Charge / discharge test 20 mg of each composite oxide obtained in Example 5 and Comparative Example 4 above, dry mixture of 5 mg of acetylene black and 0.5 mg of PTFE powder was used as a positive electrode material, and Li metal was used as a negative electrode material. A coin-type lithium battery was prepared using a 1M solution in which LiPF ₆ as a supporting salt was dissolved in a mixed solvent of sodium carbonate and diethyl carbonate as an electrolyte. The charge / discharge characteristics of this lithium battery were studied at 30 ° C. (potential range 2.0-4.8 V (first cycle), 2.0-4.6 V (second cycle and later), current density 42.5 mA / g) at the start of charging.

  The charge / discharge characteristics of the lithium batteries using the positive electrode materials of Example 5 (solid line in the figure) and Comparative Example 4 (dashed line in the figure) are shown in the graph of FIG. In FIG. 22, the upward curve corresponds to the charging curve, and the downward curve corresponds to the discharge curve. FIG. 23 shows the charge / discharge cycle dependency of the discharge capacity of each battery. Table 12 below shows the initial charge / discharge data obtained in the above test and the discharge capacity after 20 cycles.

From FIG. 22 and Table 12, it can be seen that the positive electrode material obtained in Example 5 has substantially the same charge capacity and average discharge voltage, but is excellent in terms of discharge capacity, charge / discharge efficiency, and discharge energy density. Further, from FIG. 23 and Table 12, it can be seen that the positive electrode of Example 5 has a larger discharge capacity after the sixth cycle. From these results, the sample of Example 5 containing a monoclinic layered rock salt type crystal phase having an inverted hexagonal network structure has better charge / discharge characteristics than the sample of Comparative Example 4 having no such structure. Obviously.

Further, 5 mg of each composite oxide obtained in Example 5 above, 5 mg of acetylene black and 0.5 mg of PTFE powder were dry-mixed as a positive electrode material, using Li metal as a negative electrode material, mixing ethylene carbonate and diethyl carbonate A coin-type lithium battery was prepared using a 1M solution in which LiPF ₆ as a supporting salt was dissolved in a solvent as an electrolyte. The low-temperature discharge characteristics of this lithium battery were examined at the start of charging at 30 ° C. The electric potential range is 2.0-4.6V, the current density during charging / discharging is fixed at 42.5mA / g (1 / 3C), and the environmental temperature during discharging is changed in the order of 30 ° C to 0 ° C and -20 ° C. A curve was acquired. The obtained discharge curve is shown in FIG. Table 13 shows the discharge capacity obtained in Example 5.
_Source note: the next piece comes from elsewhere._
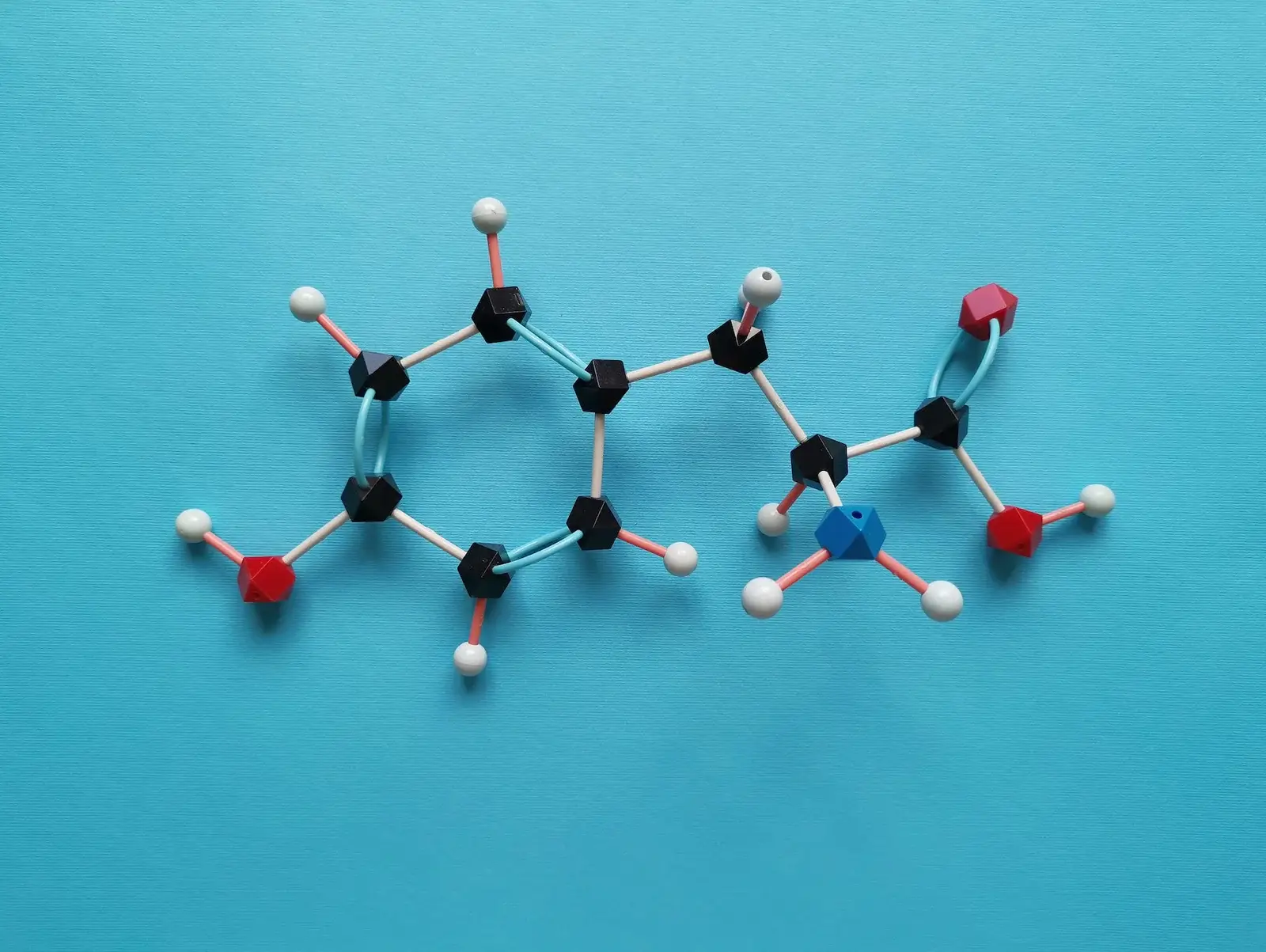 How to Combine with Peptides Training & Nutrition for Better Performance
From FIG. 24 and Table 13, the positive electrode material obtained in Example 3 has a capacity retention rate of 79% at 0 ° C. and 55% at −20 ° C., and the capacity decrease due to the temperature decrease is kept low. I understand that. From these results, it can be seen that the sample of Example 5 containing a monoclinic layered rock salt type crystal phase having an inverted hexagonal network structure has excellent low-temperature discharge characteristics.
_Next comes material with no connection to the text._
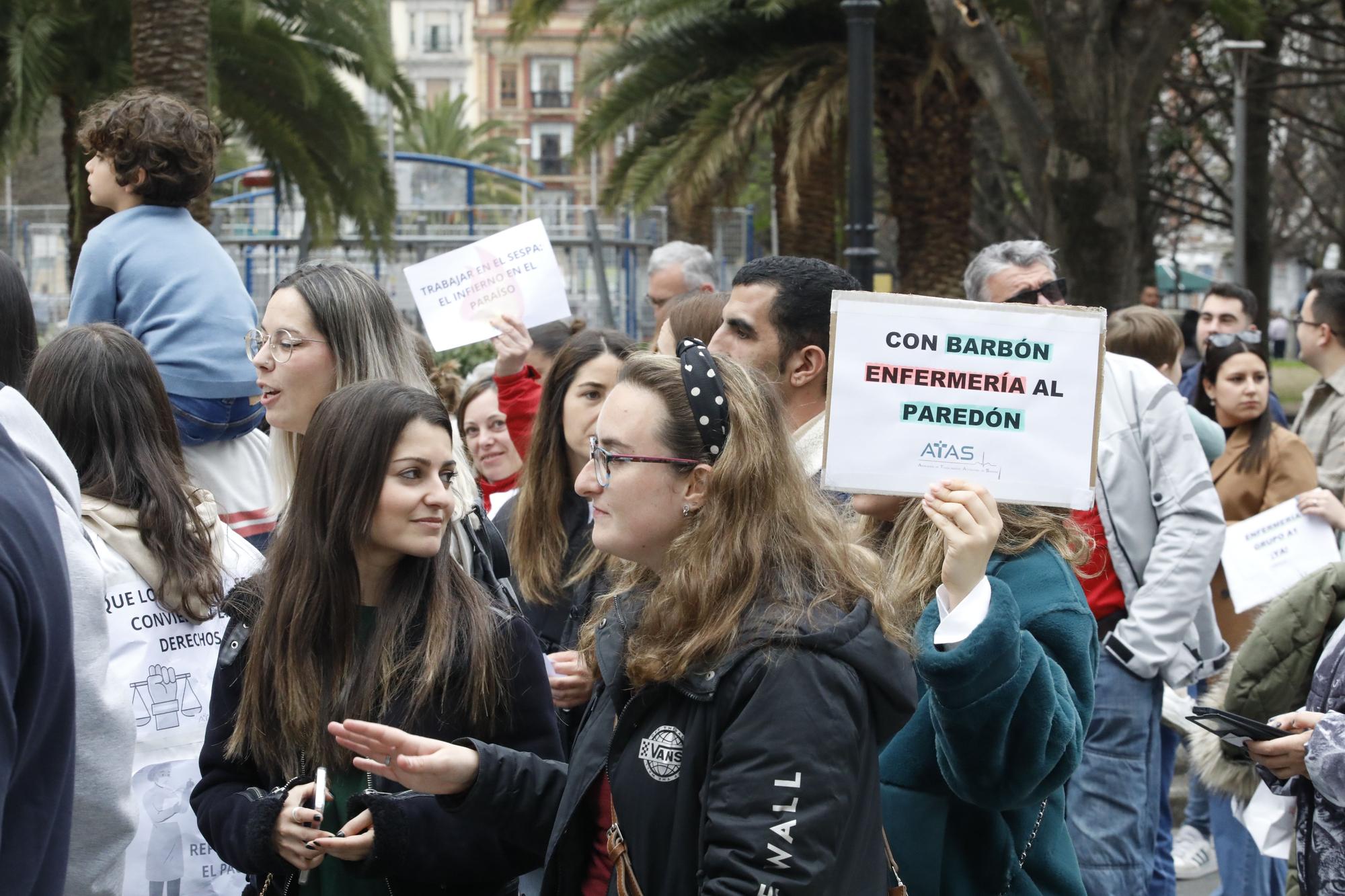 En imágenes: Los sanitarios se manifiestan en Gijón al grito de "no queremos más dinero, queremos mejores condiciones laborales"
  From the above results, the lithium-manganese composite oxide containing Fe and Ti ions having an inverted hexagonal network structure has not only excellent room temperature charge / discharge initial characteristics and cycle characteristics but also excellent low temperature discharge characteristics. It is clear that

Example 6
39.51 g (total amount 0.25 mol) of potassium permanganate was added to 800 ml of distilled water and completely dissolved. An aqueous lithium hydroxide solution (a solution in which 100 g of lithium hydroxide monohydrate was dissolved in 1000 ml of distilled water) was prepared in another beaker. This lithium hydroxide aqueous solution was put into a titanium beaker, 300 ml of ethanol was added and stirred, and then left in a constant temperature bath to keep the constant temperature chamber at -10 ° C. Next, the metal salt aqueous solution was gradually dropped into the lithium hydroxide aqueous solution over 2 to 3 hours to form an Mn precipitate. After confirming that the reaction solution was completely alkaline (pH 11 or more), air was blown into the reaction solution containing the coprecipitate with stirring at room temperature for 12 hours or more to ripen the precipitate.

  The resulting precipitate was washed with distilled water and filtered, and the precipitated product was placed in a polytetrafluoroethylene beaker together with 50 g of lithium hydroxide monohydrate, 50 g of potassium chlorate, 309 g of potassium hydroxide and 600 ml of distilled water. And stirred well. The pH of this aqueous solution was 11 or more. Thereafter, it was placed in a hydrothermal reactor (autoclave) and hydrothermally treated at 220 ° C. for 48 hours.

After the hydrothermal treatment is completed, the reaction furnace is cooled to near room temperature, the beaker containing the hydrothermal treatment reaction solution is taken out of the autoclave, and the generated precipitate is washed with distilled water to remove excess lithium hydroxide and the like. Salts were removed and filtered to obtain a powdery product (lithium manganese composite oxide). The product was dried in the atmosphere at 200 ° C. for 10 hours to obtain the target lithium manganese composite oxide as a powder product.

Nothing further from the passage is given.